Good evening, Jayhawks!
Welcome to Convocation, and to the University of Kansas. I’m so glad you’ve chosen KU as your home for the next few years. I use the word “home” because this place will soon feel like home, and the people here will soon become your Jayhawk Family.
Convocation is always special because it is the official kickoff to the academic year. But this year’s Convocation is particularly special because it begins our university’s 150th anniversary, a remarkable milestone we’ll be celebrating throughout the year.
It was 1866 when the first students came to KU. There were 55 of them — 26 women and 29 men — nearly all from Lawrence or Douglas County.

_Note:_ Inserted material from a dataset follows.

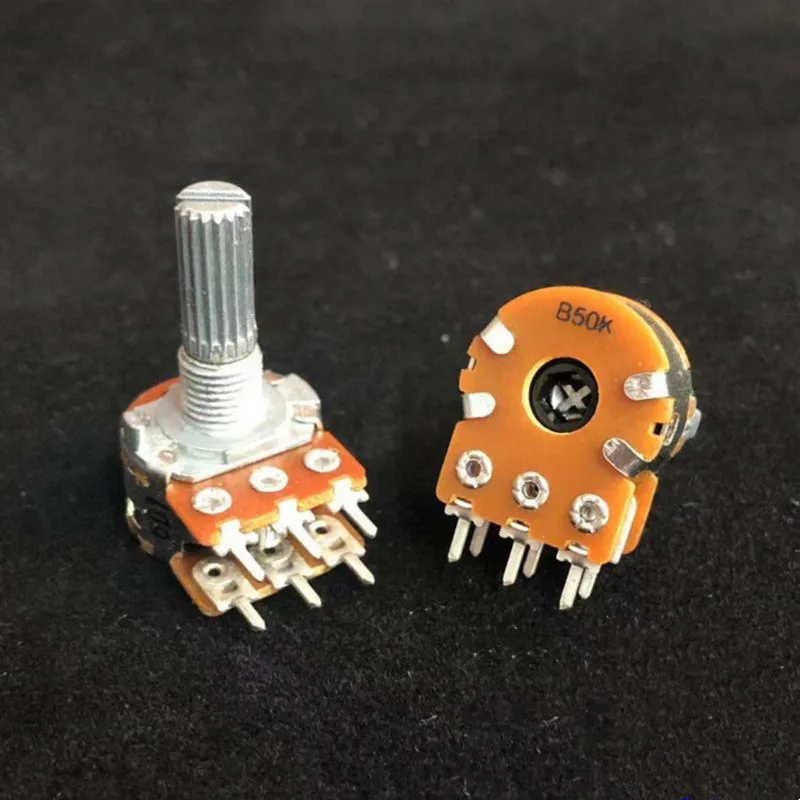 Fever level speaker volume adjustment 148/16 type Duplex b50k Potentiometer Dual Channel B503
Fever level speaker volume adjustment 148/16 type Duplex b50k Potentiometer Dual Channel B503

My, how things have changed.
Today, we have a first-year class of 4,000 strong, as well as 1,200 new transfer students, and students from all 105 Kansas counties, all 50 states, and more than 100 countries. What started as a small college on the hill has become a multi-campus, international research university. And now each of you is a part of this university, and a part of KU’s history.
Tonight we welcome back our returning students, faculty and staff. But I especially want to welcome our newest Jayhawks on the eve of your great adventure … an adventure that begins this week, and culminates when you walk down the Hill with your degree at Commencement.
Now, I’m going to give you new students some straight talk: We have high expectations for you. The mission of the University of Kansas is to lift students and society by educating leaders, building healthy communities, and making discoveries that change the world. And it’s our expectation that each of you will contribute to this mission.
First, I expect each of you to stay on track to graduate on time — in four years, for most of you.
I also expect you’ll be active members of our community, which includes Lawrence and the KU campus. But it also implies the “academic community” — our community of scholars. For the next few years, you’ll be surrounded by people who choose to be here because, like you, they want to learn, to discover, to make a difference. We expect you to take advantage of this community, by learning from it, and contributing to it with your talents.
As I mentioned, this year is KU’s 150th anniversary — our sesquicentennial. As such, it’s the perfect time to reflect on both our university’s history, and our role in shaping the future.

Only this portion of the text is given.